We are in our 60's. Peter said he understood how his Swedish-immigrant grandmother felt when she used to be driven down Route 1 in her old age, our youth. She had seen the now-faded strip malls as intrusions into farmland and marshes along the roadside. She would gasp at the changes and express her feelings of being left behind by all the commercial proliferation. I doubt she associated that change with her own production of over a dozen children. 

After visiting the mall, we went to a pub which we frequented ten years ago, shortly after we met. It was Peter's birthday, and he had always loved their fish and chips back then. This proved to be another reminder that time waits for no one. 

The place was twice the size it had been. The tight village square it borders was almost unrecognizable. Neat new pavement and curbs lined widened streets. A new triangular park was planted very professionally with lush foliage. A huge new liquor store, built to resemble the buildings in the upscale mall nearby, proudly formed one whole side of the square. The pub's clientele was the same. Older Irish-Americans, who traditionally have peopled this more suburban section of Boston. Their surroundings were more glamorous. A huge flat-panel TV, tastefully juxtaposed to a rather grand gas fireplace. None of them seemed impressed. To the diner who had been eating there for the last decade, these changes had come gradually. 

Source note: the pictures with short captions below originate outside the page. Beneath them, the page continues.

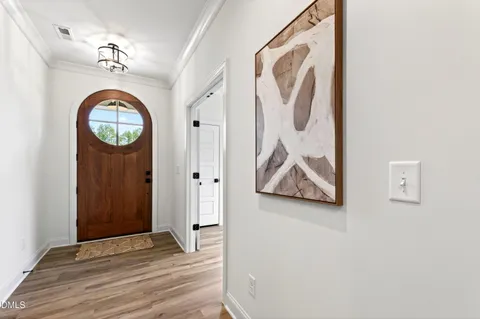 a dining room with furniture and wooden floor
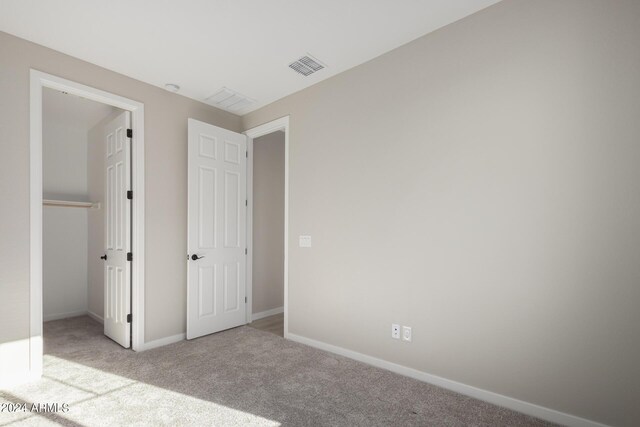 unfurnished bedroom featuring light colored carpet and a closet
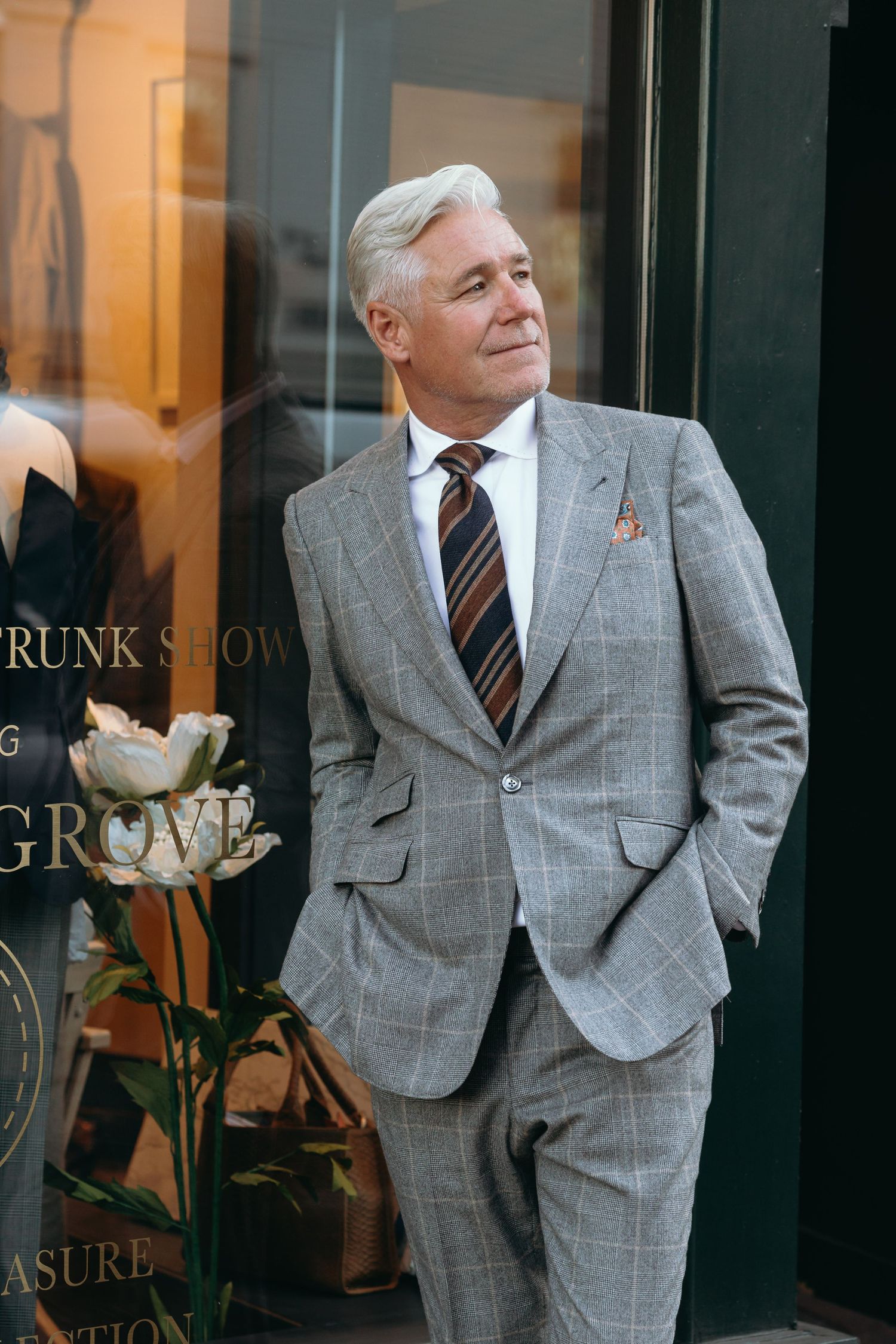 Distinguished figure in grey plaid suit posing against storefront window.
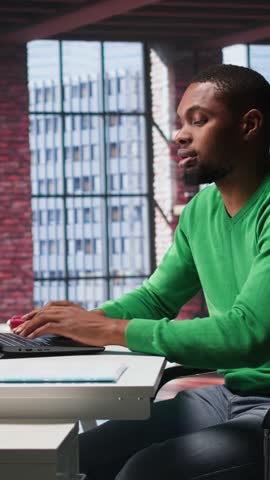 Vertical Video African american focused guy typing on his laptop at home office to solve daily tasks, doing remote freelance work online. Young adult surfing the web multitasking in loft apartment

All this exploration of change in time is not alien to a Bostonian of the past quarter century. But we are a shrinking group. Native Bostonians have fled to suburbs north, west and south. Boston is becoming another international metropolis, thanks to immigration and global corporatism. I see it as another upscale mall, only bigger and with more residential real estate in it. My surprise came from encountering the seismic ripple effects of the downtown changes.

Time is change. Life is change. There is no control over it, no matter how much we choose fret about it. This is a very basic consciousness of my own humanism. Courage is required to try to make an impact of goodness on a world which is changing outside of my individual control. Those who have children and grandchildren often delude themselves into thinking that they exert some control over the planet's future by their reproduction of progeny. However, when they are encouraged to look at their own familial truths, they will acknowledge that they have had little or no control over the eventual development of the individual human beings they brought to life...no matter how hard they tried. Influence, yes. Control, no.

Earlier yesterday I saw a man standing on a surfboard-like craft in Boston Harbor as we walked along. He had a long, slender paddle, with which he steered and steadied his craft. I watched as he sudden hit the outflow of the tide from a man-made lagoon. The whirling current was most likely less visible to him at sea level. The change nearly threw him off his board. We watched him regain balance and struggle with his paddle to get on with his journey. He did a good job. 

Standing upright when suddenly swept along with the inevitable change of life, like paddling across an often invisible current. Is easier with a personal daily practice.